[Dataset entries]

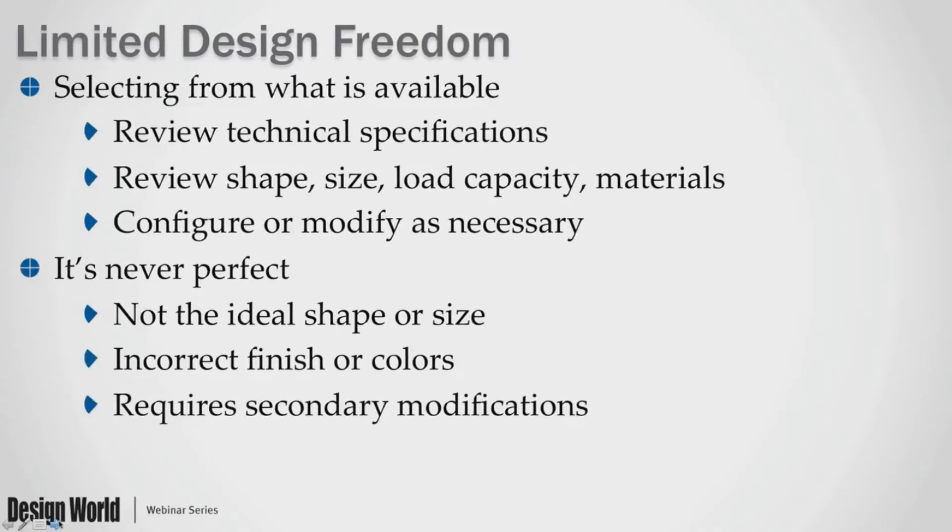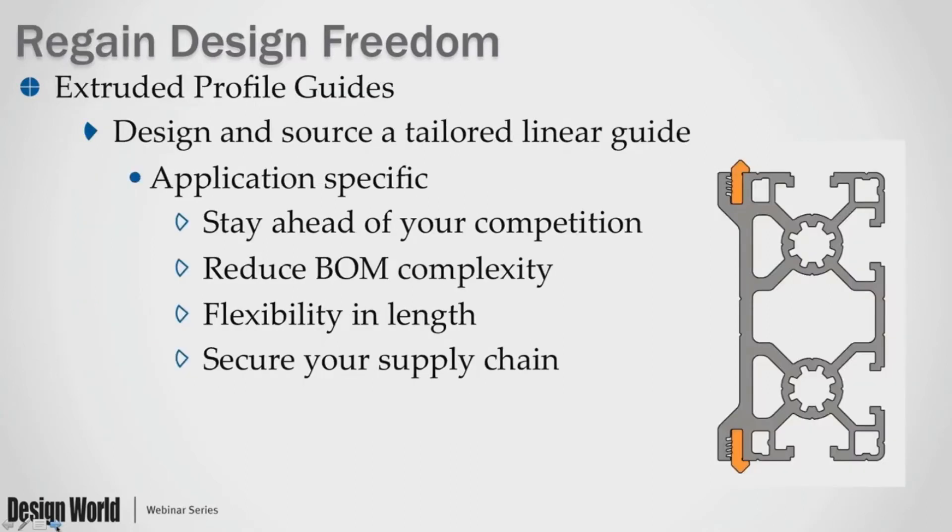But when you do this process, you're selecting from what's already available. You have to review technical specifications — shape, size, load capacity, even materials — and sometimes configure or modify them as necessary. You'll have to buy what's available and make it fit your application. It's never perfect — not the ideal shape, not the ideal size. Maybe it won't fit your machine or other parts you've already designed. Maybe it's an incorrect finish or color. And oftentimes it will require secondary modifications, like adding additional holes in order to mount it. These are all the things that limit your design freedom.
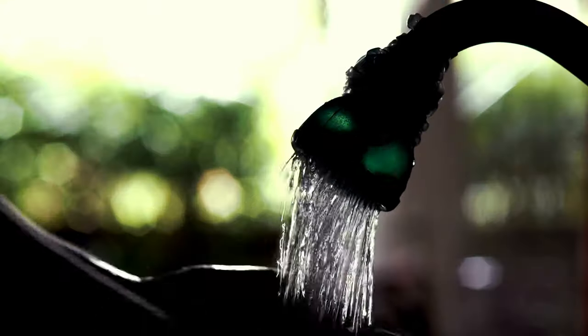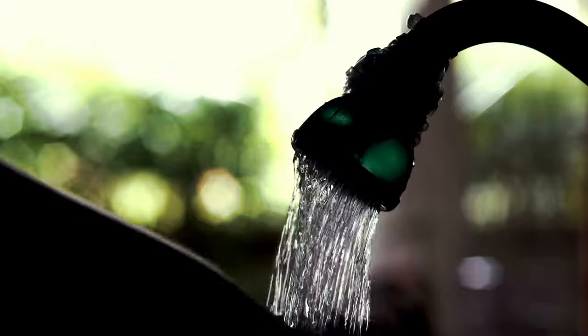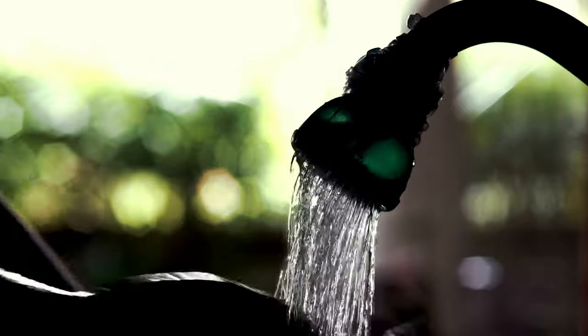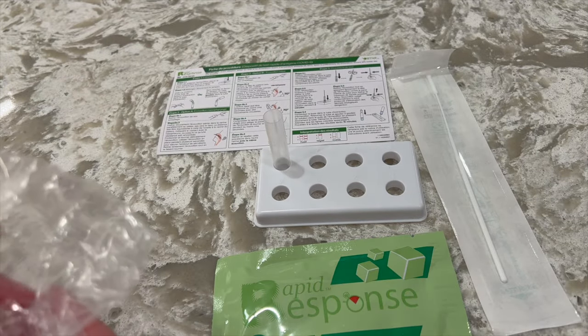To complete an at-home rapid antigen test, first be sure that you have washed your hands and washed the surface of the counter area that you are using. Start by placing the extraction tube into the test tube rack.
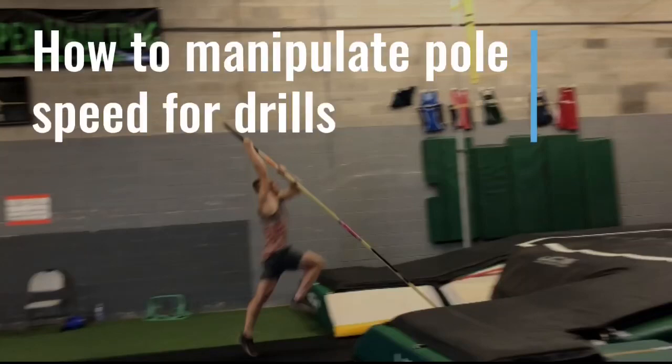Often as coaches, we don't realize that we have to manipulate pull speed in order to accomplish a certain drill or task in practice. In this video, we're going to go over how you can adjust grip or pull to get the desired pull speed for the drill or jump.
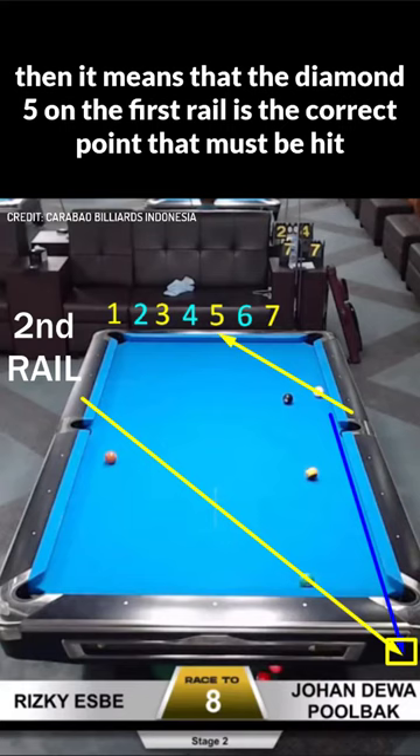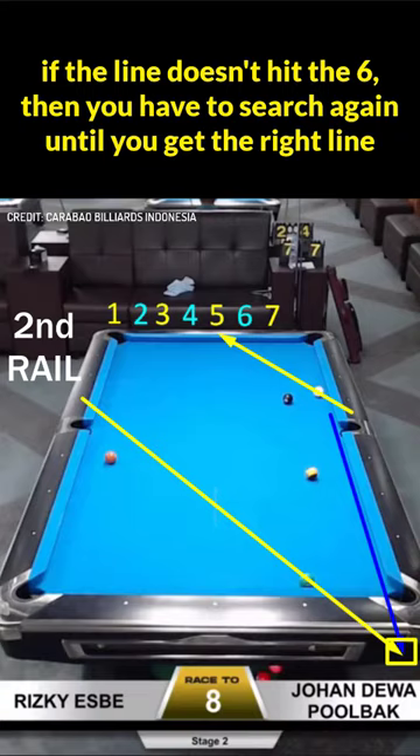If the line doesn't hit the 6, then you have to search again until you get the right line.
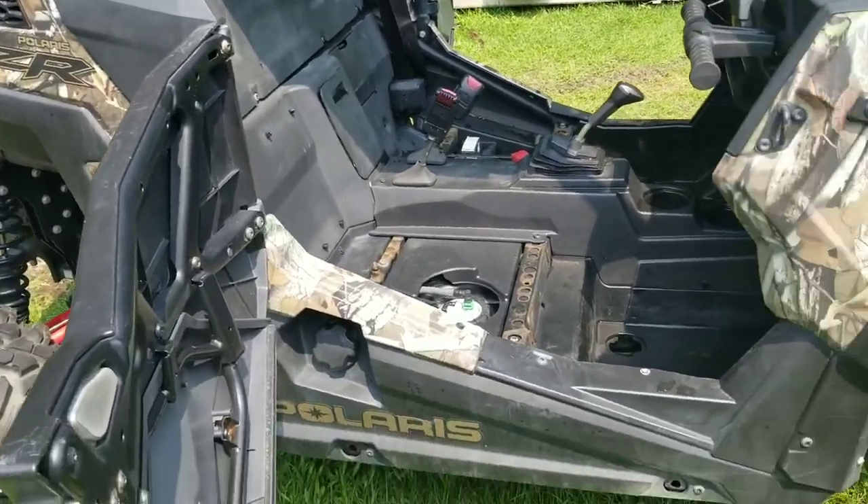I'm going to show you what I'm doing with the Razor — I'm going to be insulating the cab a little bit. If you're riding these Polaris Razors, a lot of times they get hot in the cab and there's a lot of dust, so we're going to see if we can fix some of that today. Stick around.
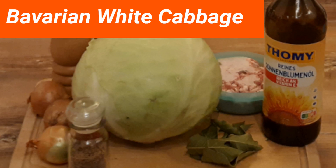Today we are preparing a winter meal, which can serve as a meal but is mostly used as a condiment to meat and potatoes. It's called Bavarian White Cabbage.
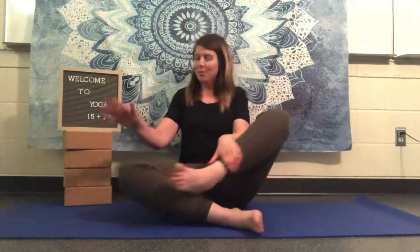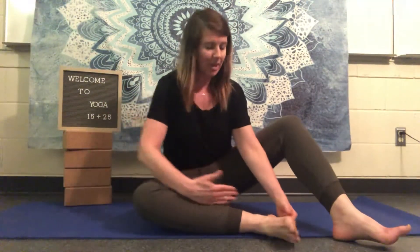To start off, I'm going to go from Sukhasana or Easy Pose — your version of whatever crisscross applesauce legs look like. I'm going to take my right leg and line up my right shin and my foot. I'm going to use the edge of my mat as a line and line that up there.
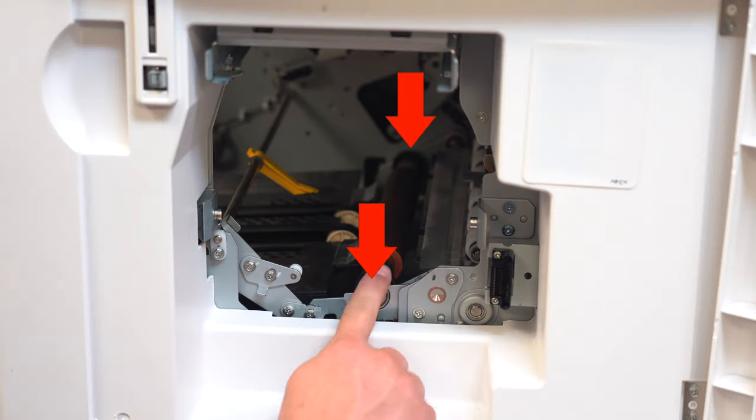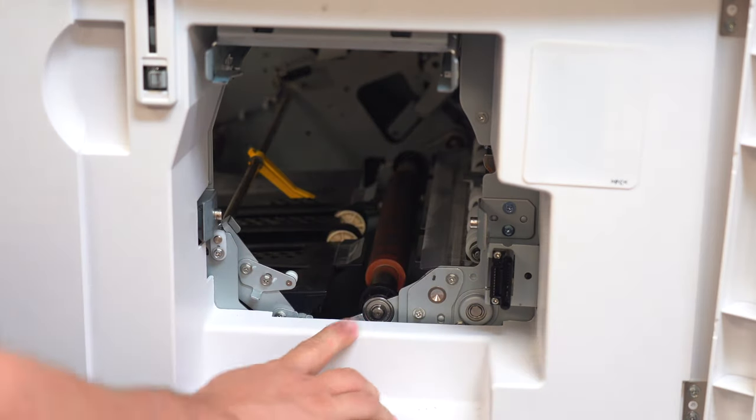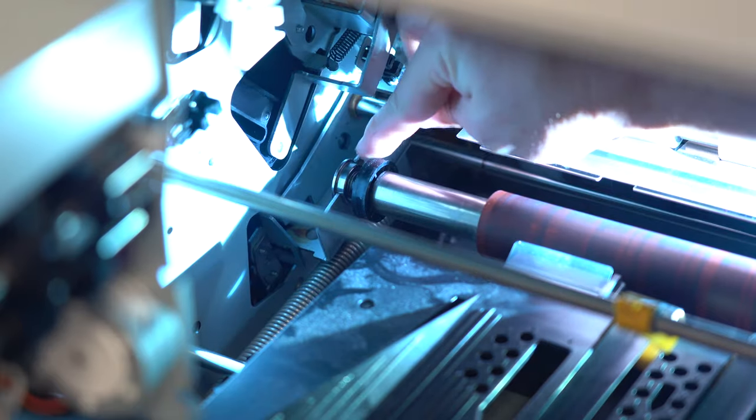To fix the front end of the roller facing you, push down on the end to pop it back into place. To fix the back end of the roller, pull the roller forward until it pops back into place.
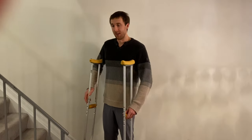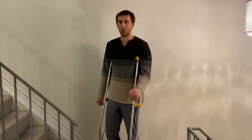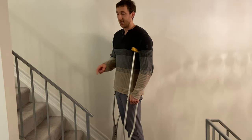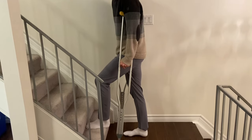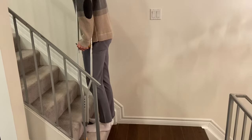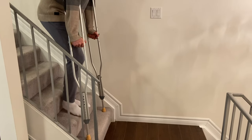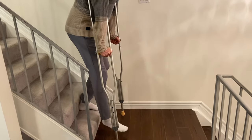If you can put weight on the leg, it's a little bit easier. We teach: good leg leads going up to heaven, sore leg leads going down to hell. Going up, bring your strong leg up first, push down into the crutch, then bring the sore or injured leg to meet up with it, and crutches come up last. Going down, the crutches go down first, then the sore leg — pushing down into the crutches to take weight off — then the good leg. So the pattern is: crutches, sore leg, good leg.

• **TASK**
Set down all of the entries exactly. Leave the pictures out.

• **EXERCISE OUTPUT**
But when you do this process, you're selecting from what's already available. You have to review technical specifications — shape, size, load capacity, even materials — and sometimes configure or modify them as necessary. You'll have to buy what's available and make it fit your application. It's never perfect — not the ideal shape, not the ideal size. Maybe it won't fit your machine or other parts you've already designed. Maybe it's an incorrect finish or color. And oftentimes it will require secondary modifications, like adding additional holes in order to mount it. These are all the things that limit your design freedom.
To complete an at-home rapid antigen test, first be sure that you have washed your hands and washed the surface of the counter area that you are using. Start by placing the extraction tube into the test tube rack.
Often as coaches, we don't realize that we have to manipulate pull speed in order to accomplish a certain drill or task in practice. In this video, we're going to go over how you can adjust grip or pull to get the desired pull speed for the drill or jump.
If the line doesn't hit the 6, then you have to search again until you get the right line.
I'm going to show you what I'm doing with the Razor — I'm going to be insulating the cab a little bit. If you're riding these Polaris Razors, a lot of times they get hot in the cab and there's a lot of dust, so we're going to see if we can fix some of that today. Stick around.
Today we are preparing a winter meal, which can serve as a meal but is mostly used as a condiment to meat and potatoes. It's called Bavarian White Cabbage.
To start off, I'm going to go from Sukhasana or Easy Pose — your version of whatever crisscross applesauce legs look like. I'm going to take my right leg and line up my right shin and my foot. I'm going to use the edge of my mat as a line and line that up there.
To fix the front end of the roller facing you, push down on the end to pop it back into place. To fix the back end of the roller, pull the roller forward until it pops back into place.
If you can put weight on the leg, it's a little bit easier. We teach: good leg leads going up to heaven, sore leg leads going down to hell. Going up, bring your strong leg up first, push down into the crutch, then bring the sore or injured leg to meet up with it, and crutches come up last. Going down, the crutches go down first, then the sore leg — pushing down into the crutches to take weight off — then the good leg. So the pattern is: crutches, sore leg, good leg.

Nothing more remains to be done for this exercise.